Prime Minister Vladimir Putin’s two-day trip to China, which provides a conspicuous footnote to Hillary Clinton’s coinciding European tour (or perhaps – vice-versa – it is Clinton’s trip that is the nagging footnote to Putin’s meeting), has once again witnessed Beijing’s eagerness to gobble up obscene amounts of Russian gas.

“China is a colossal market,” Putin reminded reporters after his talks with Chinese Premier Wen Jiabao on Tuesday. “The diversification of supplies is a very important direction for Gazprom.”

“We have plenty of gas,” said Vice Prime Minister Igor Sechin. “We could give to the Chinese as much as they want. But Miller (Gazprom CEO Aleksey Miller) is in charge of negotiations.”

Miller announced Tuesday that a tentative deal between Russia’s state-run natural gas monopoly and China National Petroleum Corp. calls for the supply of around 70 billion cubic meters of gas per year, but a price has not been set and no contract signed.

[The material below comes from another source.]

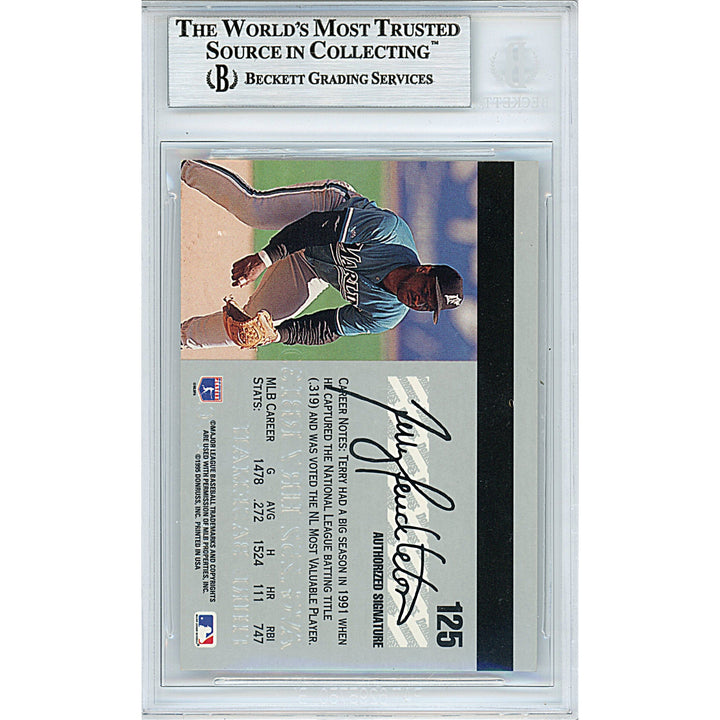 Terry Pendleton Signed Florida Marlins 1995 Studio Baseball Card Beckett Authentic Auto Slab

All things considered, it seems communist China never got the memo that there is a financial crisis raging around the world. Indeed, China, which shares a 4,300 kilometer (2,671 miles) border with Russia (or roughly twice the distance between Boston, Massachusetts and Miami, Florida), has pulled far ahead of the global pack and is set to post a whopping 8 percent GDP growth for 2009. This surge demands Russian cooperation.

More than just gas

Being in China’s economic gravitational field, Moscow has a great opportunity for mitigating the pain of the financial crisis. One area where Russia stands to gain (indeed, has already gained) is in the military-industrial realm. Although many observers stress Russia’s overreliance on its natural resource exports, such a hasty conclusion fails to appreciate Russia’s defense receipts, especially to China.

Since Moscow and Beijing signed an agreement on military-technical cooperation in December 1992, China has purchased more defense-related products from the Russian Federation than all other countries combined.

“During the 1990s, the value of these deliveries ranged up to $1 billion annually,” writes Richard Weitz in a report for the Strategic Studies Institute (“China-Russia Security Relations: Strategic Parallelism without Partnership or “Passion?” August 2008).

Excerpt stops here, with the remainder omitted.